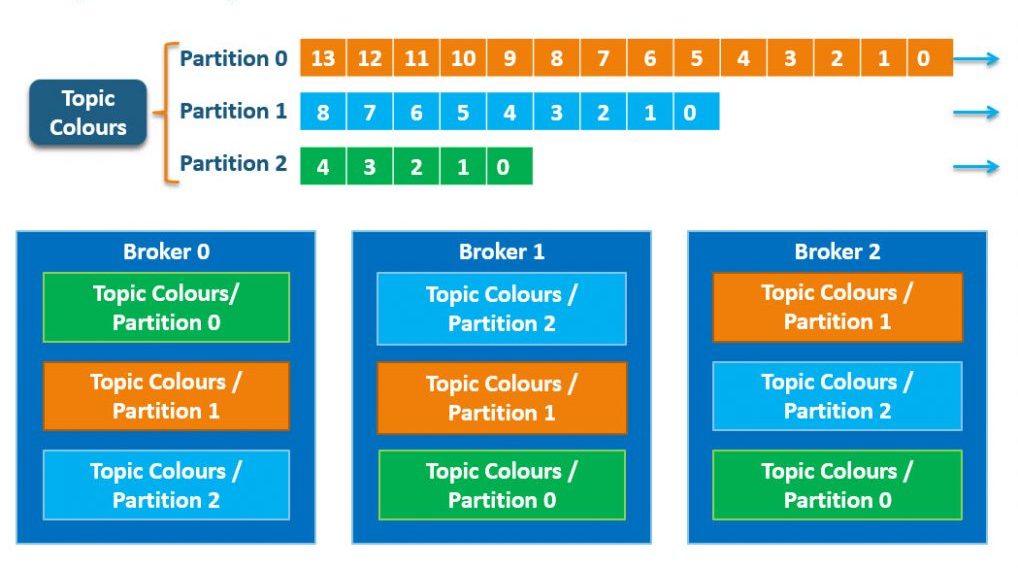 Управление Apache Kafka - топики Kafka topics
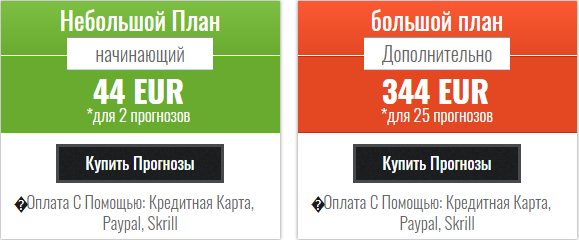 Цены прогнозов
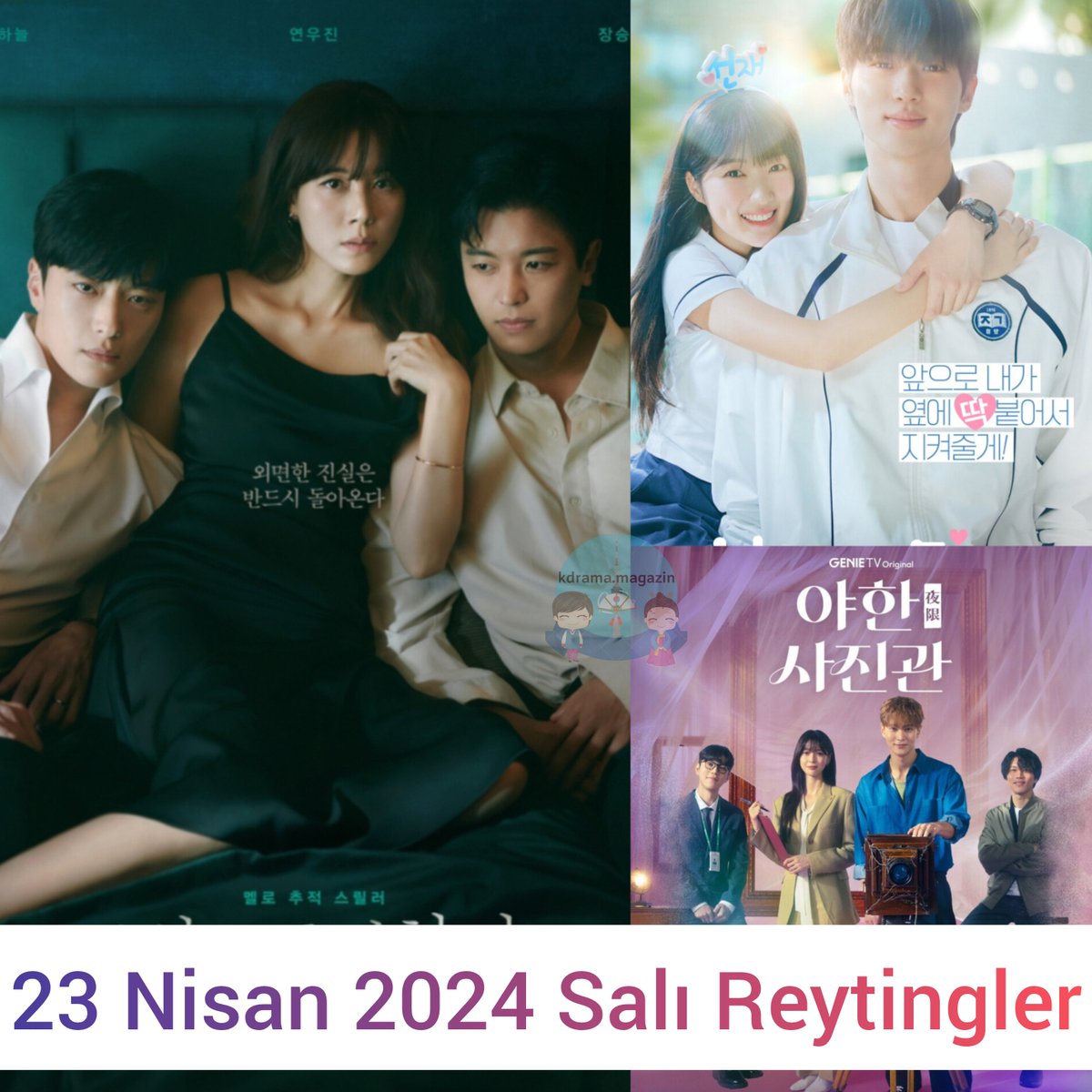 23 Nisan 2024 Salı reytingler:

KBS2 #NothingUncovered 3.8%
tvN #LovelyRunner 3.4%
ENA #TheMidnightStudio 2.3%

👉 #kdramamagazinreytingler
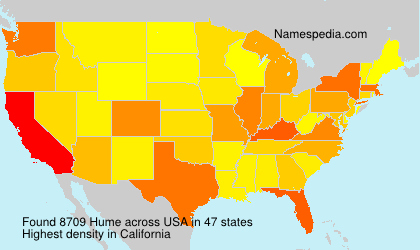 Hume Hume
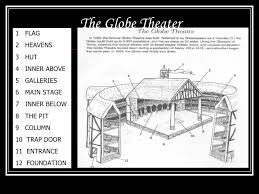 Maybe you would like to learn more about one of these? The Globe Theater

◆ ◆ ◆ ◆ ◆ ◆ ◆

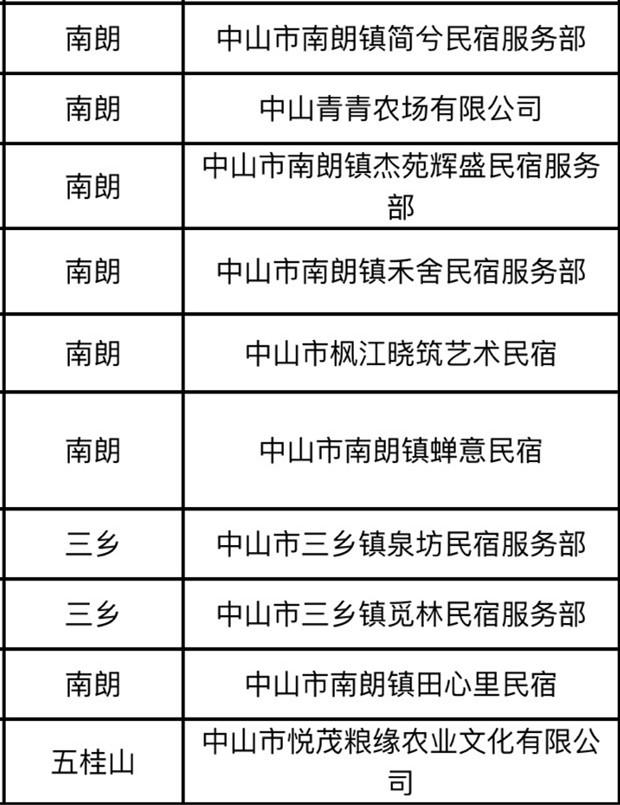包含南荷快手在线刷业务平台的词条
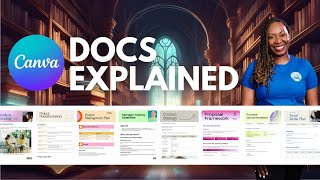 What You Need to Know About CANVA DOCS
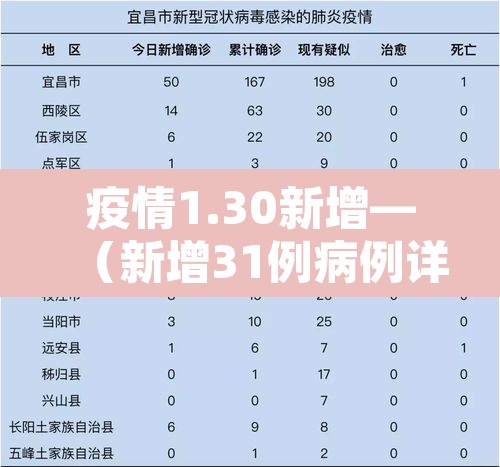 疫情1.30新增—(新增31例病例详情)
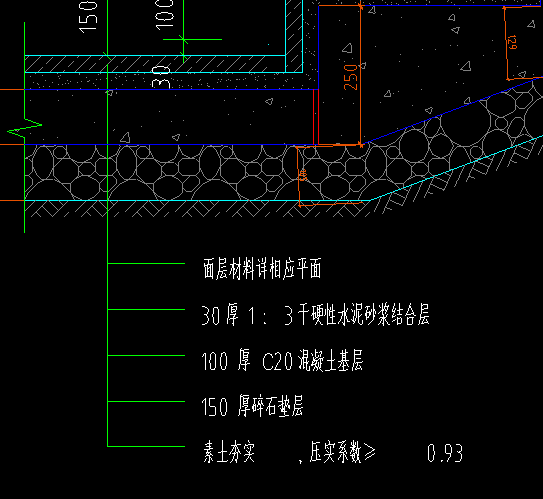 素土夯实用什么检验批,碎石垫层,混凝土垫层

◆ ◆ ◆ ◆ ◆ ◆ ◆

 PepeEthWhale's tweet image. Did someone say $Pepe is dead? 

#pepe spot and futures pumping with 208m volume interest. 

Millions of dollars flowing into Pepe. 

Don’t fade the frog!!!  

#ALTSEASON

◆ ◆ ◆ ◆ ◆ ◆ ◆

Reproduce exactly the lines of the data above that run from the line with "ENA #TheMidnightStudio 2.3%" down to the line with "Maybe you would", both ends included. Pictures do not belong in the copy.

Exercise solution —
ENA #TheMidnightStudio 2.3%

👉 #kdramamagazinreytingler
 Hume Hume
 Maybe you would like to learn more about one of these? The Globe Theater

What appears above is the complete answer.